◆ Description of the task
Pictures aside, the data must be reproduced exactly.

◆ Data
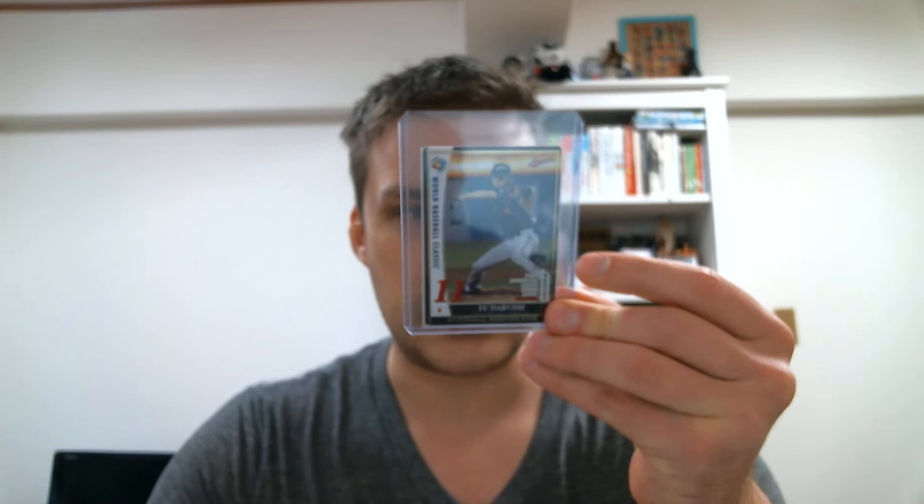Speaking of WBC, I went to my LCS and was digging around the nooks and crannies and found these awesome little WBC cards. Here's one of Yu Darvish. I don't actually think these are for a game — they kind of give players numbers, almost like Madden ratings. This is from the inaugural WBC that Japan won in 2009. The back has some stats with little graphs showing how adept he is at various things. And I also got from the same set, Masahiro Tanaka.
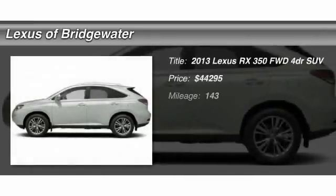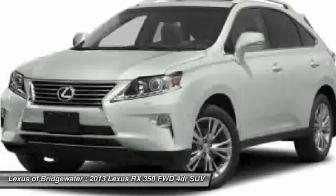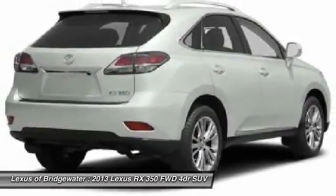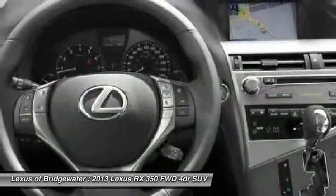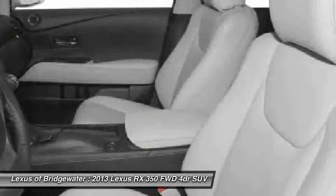The 2013 Lexus RX 350 offers a driver-inspired design and intuitive technology that puts you in total control of your interior. Paired with a spacious cargo area and a powerful V6 engine, the RX 350 continues to offer the best combination of powerful performance and interior luxury in its class.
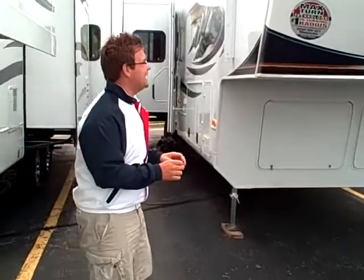Hi everyone and welcome. I'm John Corbin with American RV, here today to talk about the brand new 3665 Rear Entertainment Floor Plan from Montana.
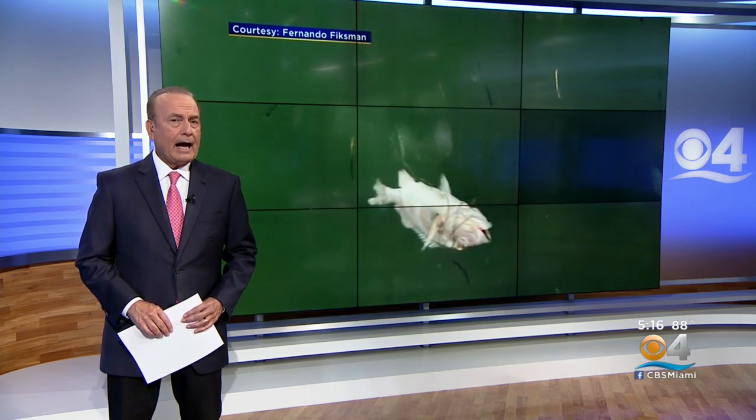Now all new at 5 o'clock, it's a sight that's unfortunately becoming too familiar on Biscayne Bay: dead fish all over portions of the bay for the second summer in a row. It has residents concerned and scientists taking action to figure out why, but more importantly, how to address this recurring problem. CBS4's Dave Warren has the story.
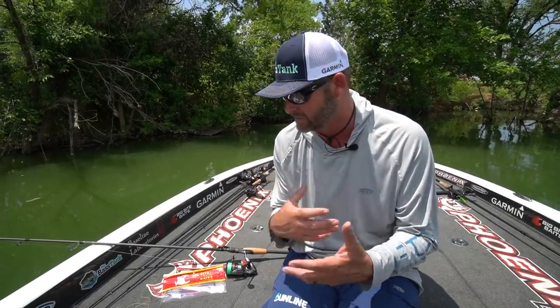Bradley Hallman here, welcome back to the channel. It is the dead of summer right now and I myself am getting ready to go on the northern swing. A lot of guys have already started — Champlain just went down, the St. Lawrence River — and right now I'm fixing to make a trek up to upstate New York to Lake Oneida. All this brings in the spinning rods, and that's one thing I want to do an in-depth series about.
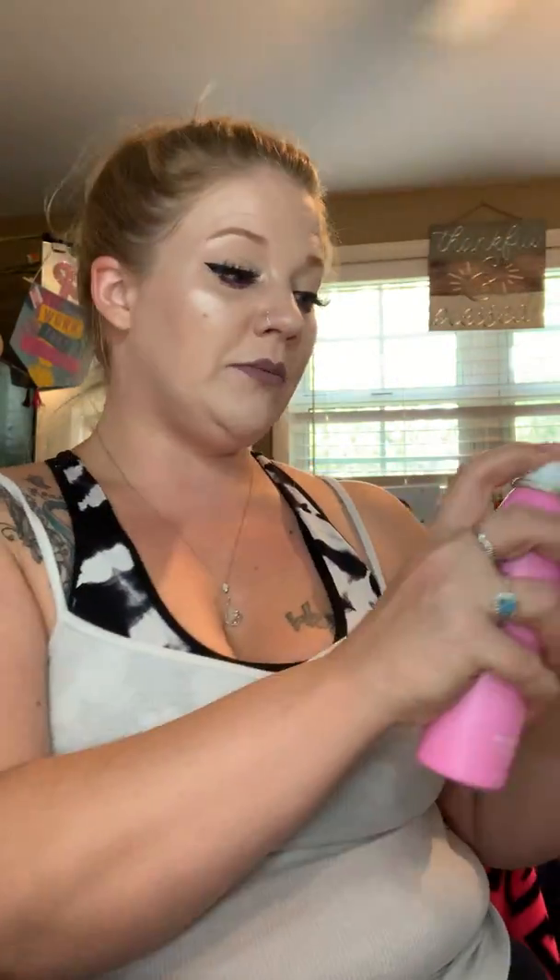Optionally, if you want to add more setting spray go for it — I don't think you really have to. You take your beauty blender, spray it, and go over your face very gently, barely hard enough to even really move your skin.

◆ Solution for this exercise
Speaking of WBC, I went to my LCS and was digging around the nooks and crannies and found these awesome little WBC cards. Here's one of Yu Darvish. I don't actually think these are for a game — they kind of give players numbers, almost like Madden ratings. This is from the inaugural WBC that Japan won in 2009. The back has some stats with little graphs showing how adept he is at various things. And I also got from the same set, Masahiro Tanaka.
The 2013 Lexus RX 350 offers a driver-inspired design and intuitive technology that puts you in total control of your interior. Paired with a spacious cargo area and a powerful V6 engine, the RX 350 continues to offer the best combination of powerful performance and interior luxury in its class.
Hi everyone and welcome. I'm John Corbin with American RV, here today to talk about the brand new 3665 Rear Entertainment Floor Plan from Montana.
Now all new at 5 o'clock, it's a sight that's unfortunately becoming too familiar on Biscayne Bay: dead fish all over portions of the bay for the second summer in a row. It has residents concerned and scientists taking action to figure out why, but more importantly, how to address this recurring problem. CBS4's Dave Warren has the story.
Bradley Hallman here, welcome back to the channel. It is the dead of summer right now and I myself am getting ready to go on the northern swing. A lot of guys have already started — Champlain just went down, the St. Lawrence River — and right now I'm fixing to make a trek up to upstate New York to Lake Oneida. All this brings in the spinning rods, and that's one thing I want to do an in-depth series about.
Optionally, if you want to add more setting spray go for it — I don't think you really have to. You take your beauty blender, spray it, and go over your face very gently, barely hard enough to even really move your skin.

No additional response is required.